Qu’en l’état de ces constatations et énonciations, procédant d’une appréciation souveraine des éléments de preuve, la cour d’appel a pu retenir que la seule présence du détonateur, quelqu’en fût l’origine, sur la propriété de Mme Z… la constituait gardienne de cette chose, et a pu décider que le transfert de la garde du détonateur à l’entreprise de carrelage n’était pas établi et que la victime n’avait pas commis de faute ;

D’où il suit que le moyen n’est pas fondé ;

PAR CES MOTIFS :

REJETTE le pourvoi

c. Le transfert de la garde

Dans la mesure où le propriétaire de la chose est présumé être le gardien, cela signifie qu’on l’autorise à renverser cette présomption, ce qui suppose qu’il démontre qu’une autre personne que lui exerçait un pouvoir d’usage, de direction et de contrôle sur la chose au moment du dommage.

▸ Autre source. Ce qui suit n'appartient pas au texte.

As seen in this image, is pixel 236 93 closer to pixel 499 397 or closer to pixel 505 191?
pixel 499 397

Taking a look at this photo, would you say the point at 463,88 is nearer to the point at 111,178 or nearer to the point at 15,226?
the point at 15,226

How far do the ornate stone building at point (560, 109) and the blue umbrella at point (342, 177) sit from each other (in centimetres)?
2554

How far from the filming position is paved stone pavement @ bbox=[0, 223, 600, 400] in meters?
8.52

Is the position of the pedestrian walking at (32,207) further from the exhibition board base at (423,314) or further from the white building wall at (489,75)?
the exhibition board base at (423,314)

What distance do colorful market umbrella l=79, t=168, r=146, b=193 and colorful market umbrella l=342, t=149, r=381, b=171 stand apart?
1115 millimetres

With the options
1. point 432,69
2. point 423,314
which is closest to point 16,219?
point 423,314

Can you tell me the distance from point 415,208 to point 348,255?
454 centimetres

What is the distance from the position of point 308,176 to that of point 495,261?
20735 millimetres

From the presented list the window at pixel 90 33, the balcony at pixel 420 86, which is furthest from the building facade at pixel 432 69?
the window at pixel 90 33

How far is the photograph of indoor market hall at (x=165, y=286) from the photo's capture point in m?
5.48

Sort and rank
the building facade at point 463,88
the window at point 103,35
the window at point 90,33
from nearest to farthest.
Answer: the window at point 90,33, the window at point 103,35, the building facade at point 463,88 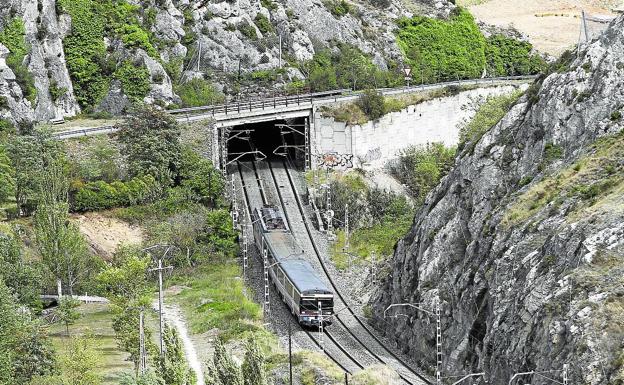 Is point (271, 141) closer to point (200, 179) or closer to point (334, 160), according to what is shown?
point (334, 160)

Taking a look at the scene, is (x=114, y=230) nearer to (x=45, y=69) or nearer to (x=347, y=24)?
(x=45, y=69)

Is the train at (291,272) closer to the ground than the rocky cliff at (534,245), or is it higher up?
closer to the ground

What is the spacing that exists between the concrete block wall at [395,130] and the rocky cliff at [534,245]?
92.6 feet

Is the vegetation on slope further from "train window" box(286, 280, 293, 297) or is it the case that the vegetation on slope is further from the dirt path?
the dirt path

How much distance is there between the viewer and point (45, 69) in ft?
339

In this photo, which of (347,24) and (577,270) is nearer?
(577,270)

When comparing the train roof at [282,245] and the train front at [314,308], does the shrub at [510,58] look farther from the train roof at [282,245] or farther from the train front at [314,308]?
the train front at [314,308]

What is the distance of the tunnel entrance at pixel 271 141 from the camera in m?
107

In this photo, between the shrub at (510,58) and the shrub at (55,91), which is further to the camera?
the shrub at (510,58)

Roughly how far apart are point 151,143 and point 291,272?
910 inches

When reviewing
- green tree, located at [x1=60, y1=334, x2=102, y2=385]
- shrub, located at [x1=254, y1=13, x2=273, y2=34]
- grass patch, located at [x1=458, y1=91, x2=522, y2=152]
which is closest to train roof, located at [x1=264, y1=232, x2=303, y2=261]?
green tree, located at [x1=60, y1=334, x2=102, y2=385]

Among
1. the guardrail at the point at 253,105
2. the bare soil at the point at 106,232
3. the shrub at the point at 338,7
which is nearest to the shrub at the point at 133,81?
the guardrail at the point at 253,105

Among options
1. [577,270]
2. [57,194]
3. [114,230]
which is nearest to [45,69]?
[114,230]

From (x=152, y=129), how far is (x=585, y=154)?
41.8m
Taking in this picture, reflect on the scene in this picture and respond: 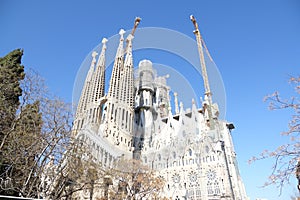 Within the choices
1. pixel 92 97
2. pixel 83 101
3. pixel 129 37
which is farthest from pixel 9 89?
pixel 129 37

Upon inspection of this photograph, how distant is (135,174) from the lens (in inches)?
762

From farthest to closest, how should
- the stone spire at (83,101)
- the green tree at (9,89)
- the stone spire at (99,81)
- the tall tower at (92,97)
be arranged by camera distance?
1. the stone spire at (99,81)
2. the tall tower at (92,97)
3. the stone spire at (83,101)
4. the green tree at (9,89)

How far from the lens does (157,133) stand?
1537 inches

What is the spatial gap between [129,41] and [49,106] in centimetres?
4098

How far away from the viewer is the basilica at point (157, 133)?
89.4 feet

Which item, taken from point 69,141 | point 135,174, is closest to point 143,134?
point 135,174

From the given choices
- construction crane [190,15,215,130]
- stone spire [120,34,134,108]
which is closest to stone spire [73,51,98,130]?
stone spire [120,34,134,108]

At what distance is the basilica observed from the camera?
27.2 meters

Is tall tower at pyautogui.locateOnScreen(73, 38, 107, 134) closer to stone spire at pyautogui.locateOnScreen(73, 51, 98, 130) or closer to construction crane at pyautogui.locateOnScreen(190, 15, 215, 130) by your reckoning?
stone spire at pyautogui.locateOnScreen(73, 51, 98, 130)

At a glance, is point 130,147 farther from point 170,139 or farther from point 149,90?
point 149,90

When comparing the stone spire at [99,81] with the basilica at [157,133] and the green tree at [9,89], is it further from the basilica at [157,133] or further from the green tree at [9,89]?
the green tree at [9,89]

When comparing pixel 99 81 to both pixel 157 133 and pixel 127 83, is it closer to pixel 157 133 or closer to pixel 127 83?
pixel 127 83

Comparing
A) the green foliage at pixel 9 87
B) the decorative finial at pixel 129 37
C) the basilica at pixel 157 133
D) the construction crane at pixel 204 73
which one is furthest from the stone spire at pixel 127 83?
the green foliage at pixel 9 87

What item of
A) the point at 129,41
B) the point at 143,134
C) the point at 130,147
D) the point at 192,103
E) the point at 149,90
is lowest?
the point at 130,147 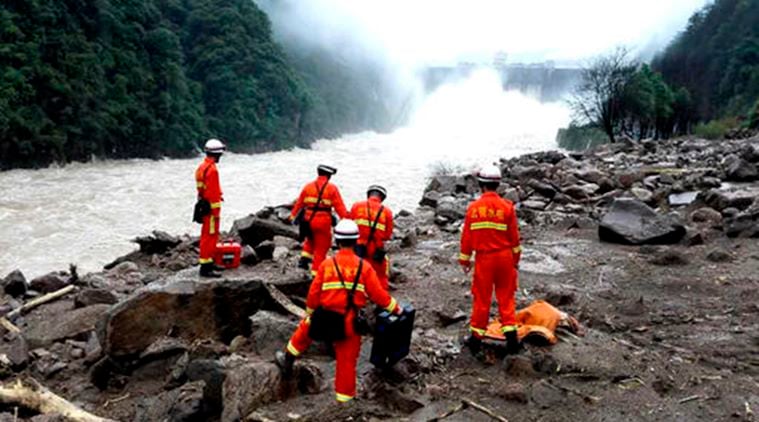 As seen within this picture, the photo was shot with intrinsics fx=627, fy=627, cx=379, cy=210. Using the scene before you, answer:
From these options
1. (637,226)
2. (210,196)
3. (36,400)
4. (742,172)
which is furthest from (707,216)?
(36,400)

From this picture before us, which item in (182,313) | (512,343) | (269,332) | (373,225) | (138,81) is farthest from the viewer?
(138,81)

Autrement dit, le propriétaire devra démontrer qu’il y a eu un transfert de la garde dans tous ses éléments constitutifs.

Deux situations doivent être distinguées :

?Le transfert de la garde est involontaire

L’examen de la jurisprudence révèle que le transfert involontaire de la garde fera toujours tomber la présomption de garde qui pèse sur le propriétaire de la chose.

Il appartient, néanmoins, au propriétaire de démontrer que le transfert de la garde était bien involontaire.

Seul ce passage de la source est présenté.